**ASSIGNMENT**:
Pictures do not belong in your copy. Repeat all the other data exactly.

**DATASET EXTRACT**:
------------------------

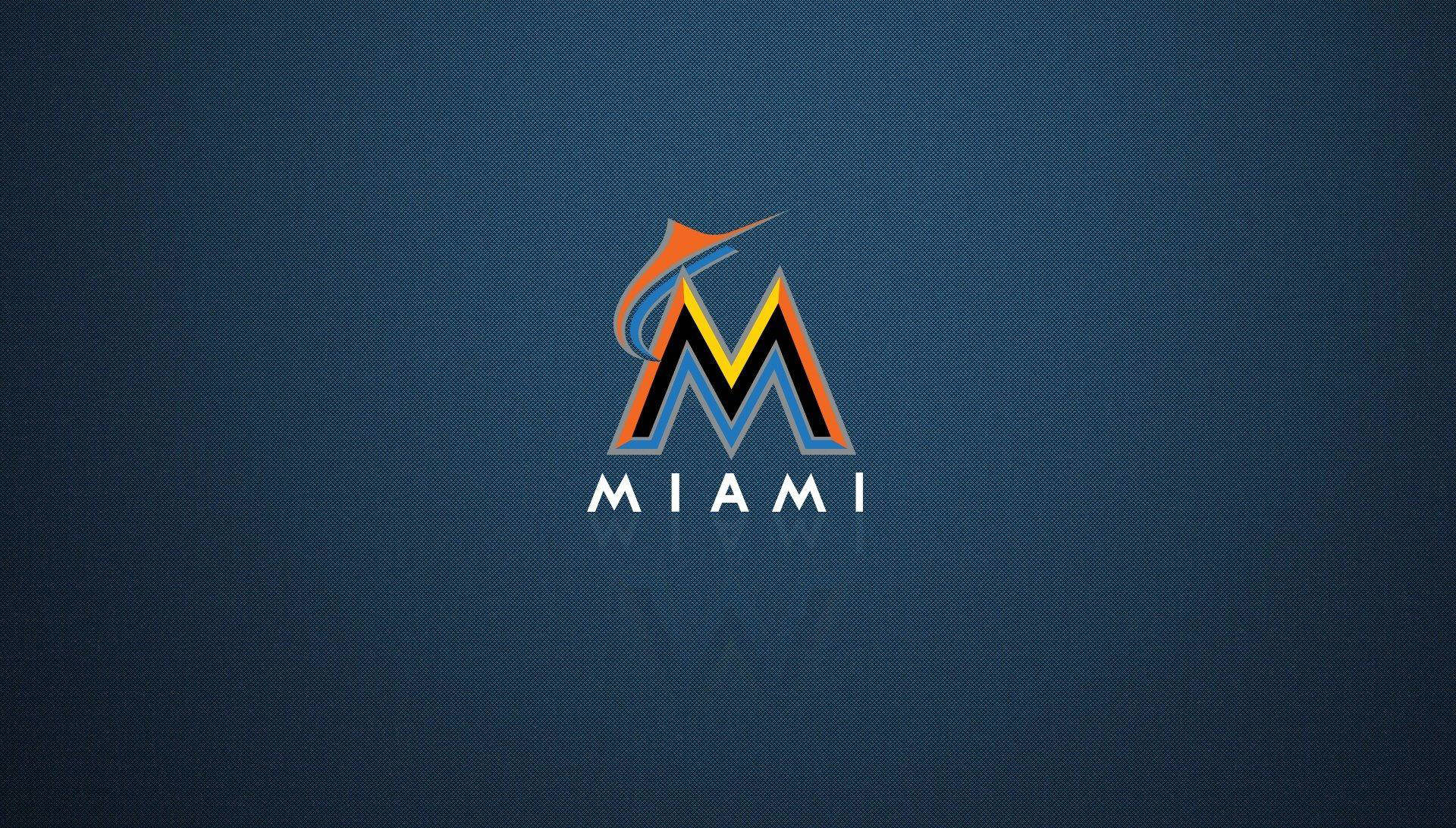 Marlins 桌布 壁紙 — 一個大膽的邁阿密標誌，帶有橙色、黃色和藍色點綴，居中在帶有紋理的深藍色背景上。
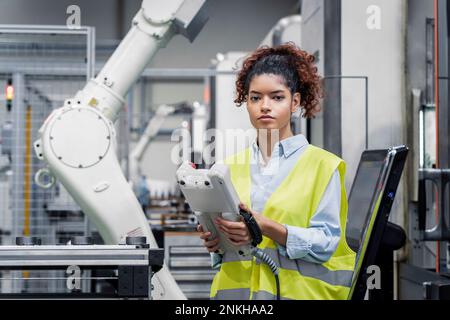 Ingegnere in piedi con l'apparecchiatura davanti al braccio robotico Foto Stock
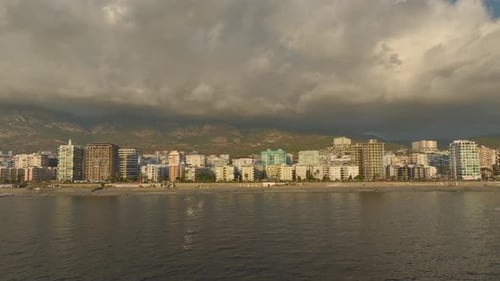 Aerial View A Breathtaking View of the City Stretching Toward the Horizon with the Ocean Creating a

------------------------

**RESULT BELOW**:
 Marlins 桌布 壁紙 — 一個大膽的邁阿密標誌，帶有橙色、黃色和藍色點綴，居中在帶有紋理的深藍色背景上。
 Ingegnere in piedi con l'apparecchiatura davanti al braccio robotico Foto Stock
 Aerial View A Breathtaking View of the City Stretching Toward the Horizon with the Ocean Creating a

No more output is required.